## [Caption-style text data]
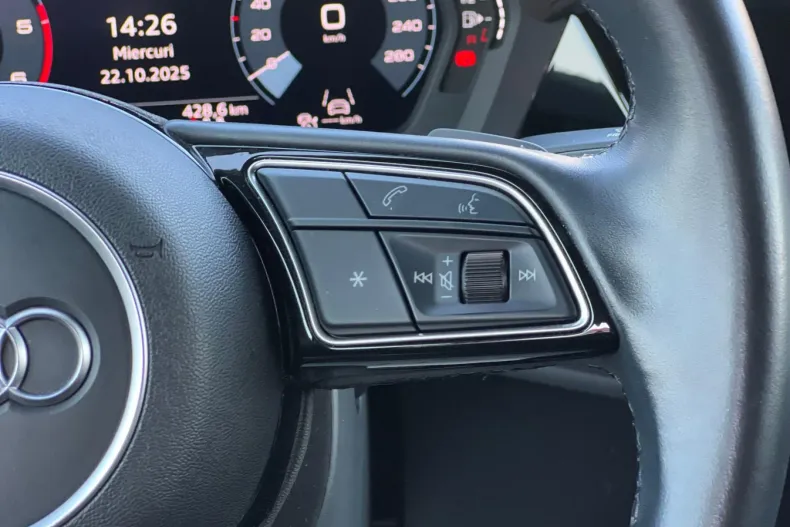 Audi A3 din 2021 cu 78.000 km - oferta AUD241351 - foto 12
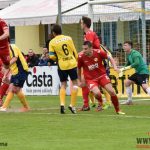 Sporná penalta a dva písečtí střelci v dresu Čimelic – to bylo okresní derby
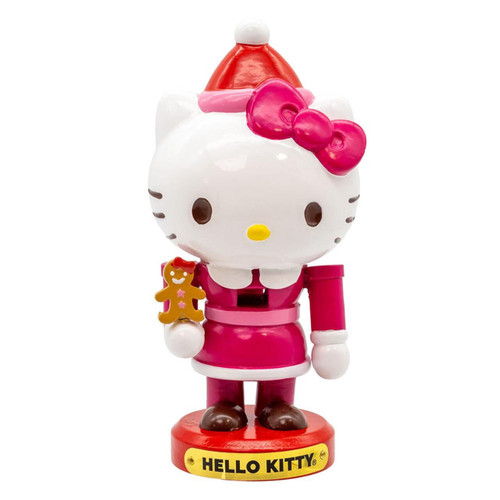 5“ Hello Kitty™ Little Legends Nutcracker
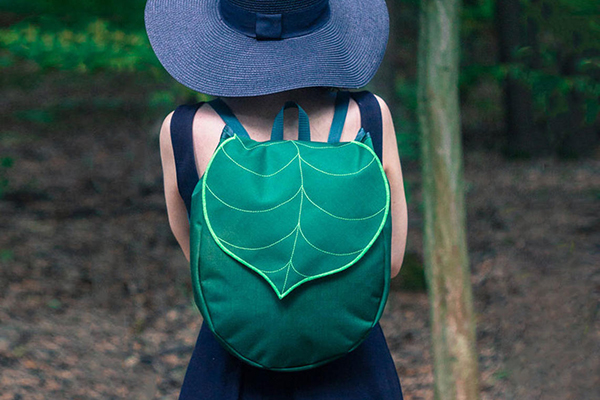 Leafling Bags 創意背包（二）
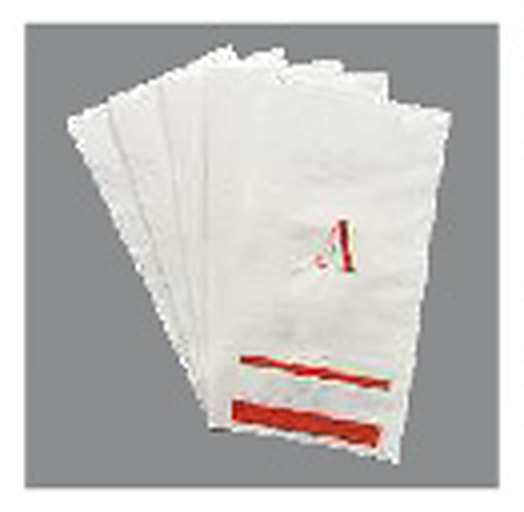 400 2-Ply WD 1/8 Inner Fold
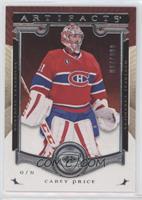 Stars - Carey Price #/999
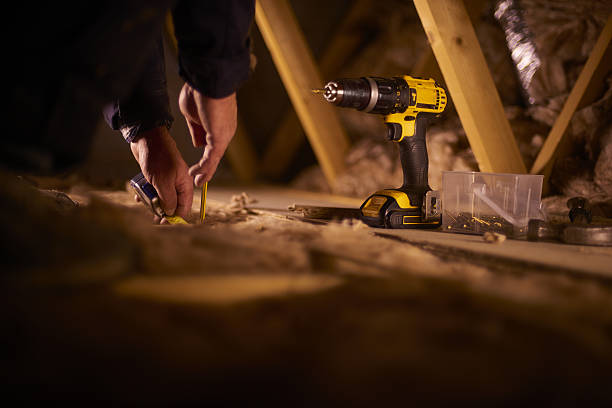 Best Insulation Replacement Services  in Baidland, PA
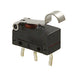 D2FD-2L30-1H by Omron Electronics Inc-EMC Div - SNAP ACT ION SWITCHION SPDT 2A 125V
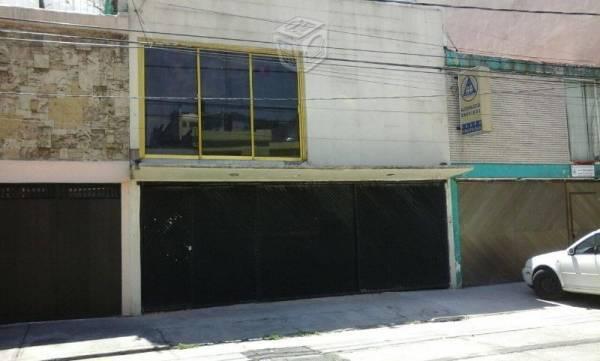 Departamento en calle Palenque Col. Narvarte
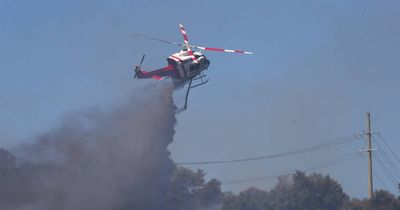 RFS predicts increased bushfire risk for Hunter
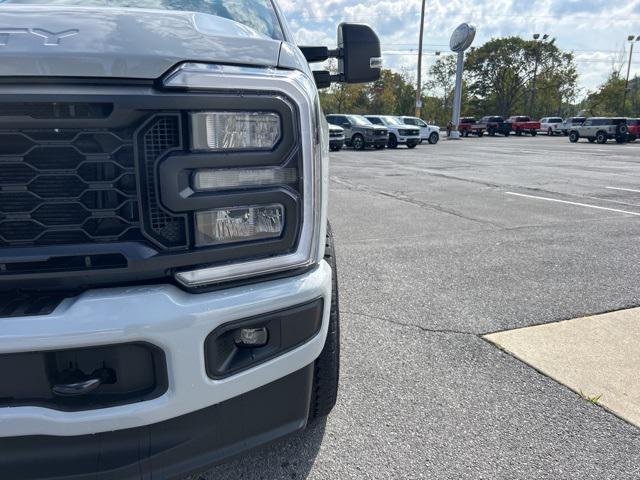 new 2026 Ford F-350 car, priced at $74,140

## [PROBLEM]
Exclude all pictures and reproduce exactly the lines from the one containing "RFS predicts increased" through the final line of the entries above.

## [EXERCISE ANSWER]
 RFS predicts increased bushfire risk for Hunter
 new 2026 Ford F-350 car, priced at $74,140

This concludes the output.